To sum it all up, we have in Asia somewhere near 800,000,000 of people, who are certainly increasing by 10,000,000 a year, probably many more, and these people pressed on by Russia on the north and west, by Great Britain and France on the south, as well as by the wonderful energy of the Japanese on the east. How much gold will all these people absorb in the future? And it should not be forgotten that not only is the present population to be supplied, but an increase of population is to be allowed for, which at ten dollars per capita would alone absorb the entire annual gold production above the amount used in the arts. If any one thinks this forecast fanciful, I only ask him to consider what has been done in the last thirty years, and then make his estimate. For what the possible absorption of the precious metals by the Asiatic people may be, we need only to refer to what has been done by India. By reason of the development of her industries and resources caused by her intercourse with western nations she has imported in net excess of exports, from the years 1835 to 1893, $750,000,000 of gold and $1,750,000,000 of silver, or about one-seventh of the entire world's output of gold and about one-half of the world's output of silver during that time. Professor Shaw is authority for the statement that her demand for the precious metals is yet unabated and great as ever. When we remember that the average population of India during this time was only about 200,000,000, and that there are about three times as many people yet in Asia who have even greater latent powers to absorb the precious metals, one can form some feeble estimate of what an exhaustive drain upon the gold and silver supply of the world will ensue when these nations awaken and develop their resources and energies through the stimulating influences of western ideas and example.

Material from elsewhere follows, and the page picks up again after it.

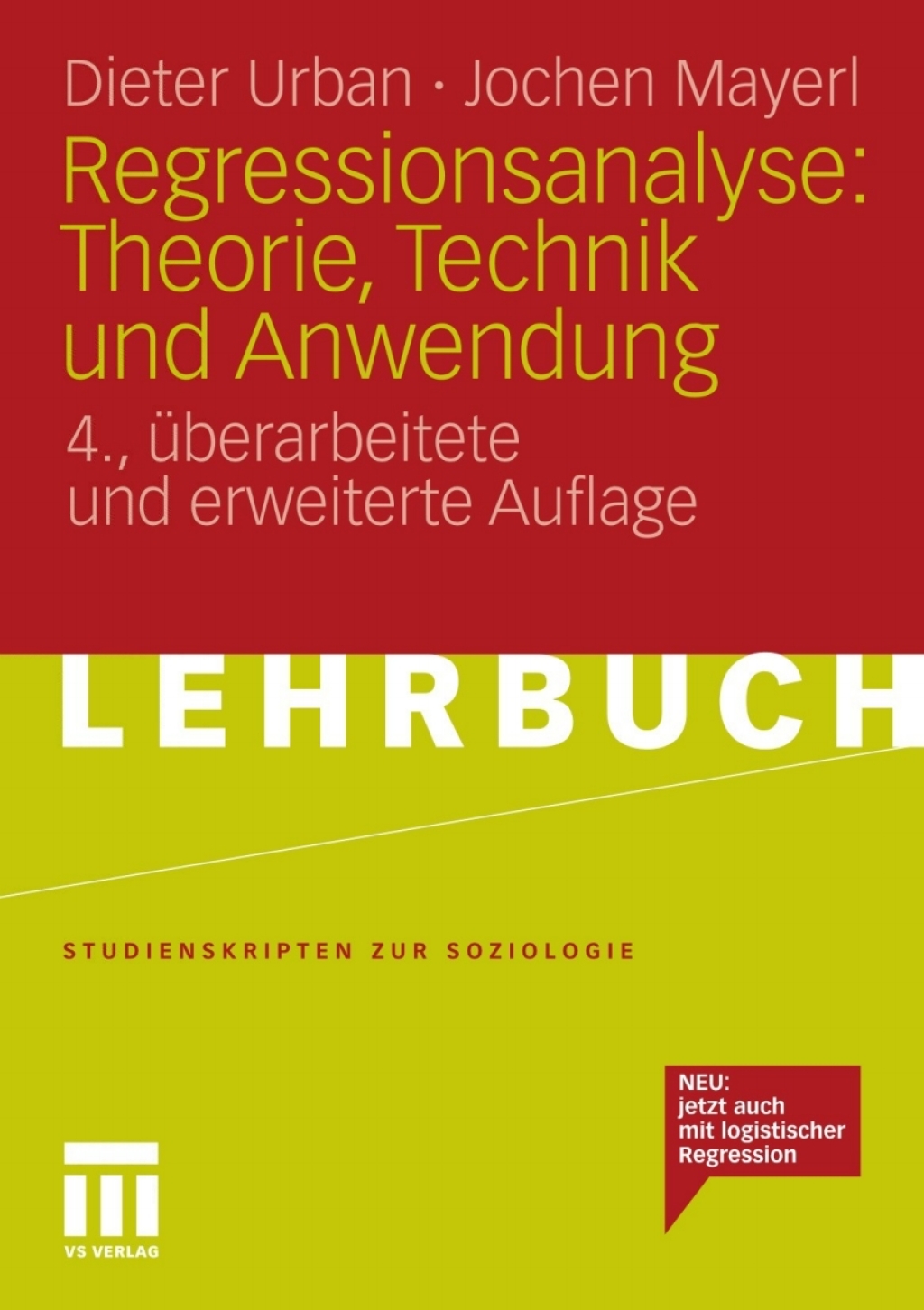 Regressionsanalyse: Theorie  Technik und Anwendung - 4th Edition (eBook)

Having considered the possible momentous absorption of the precious metals by the Asiatics, it may be well to consider what Europe itself is likely soon to do in the same line. England, France, and Germany are the three most substantial and commercial nations of Europe, and their experience may be taken as an index. We find that these three use on an average $16.40 per capita of gold. To give the same to the rest of Europe, including Russia and Turkey, will require, in addition to their present stock, $3,780,000,000 in gold, or nearly as much as the entire world's present stock of gold coin.

If the example of France and the Netherlands—two of the soundest and most conservative nations in the world—be similarly taken as an index to the probable use of silver, it appears that these two nations average $12.50 per capita. To supply the rest of Europe to the same extent will require an addition of $3,563,000,000 to her present stock of silver, or about three-fourths as much as the present coined silver of the world. In view of these facts, is not the real question, not whether there is gold enough, but whether there is both gold and silver enough for the future monetary requirements of the world? Does it not seem that the nations are soon to be confronted with this dilemma: that the product of the precious metals must be greatly increased—and is that possible?—or that for the want of gold and silver there must be a serious check to the progress of civilization?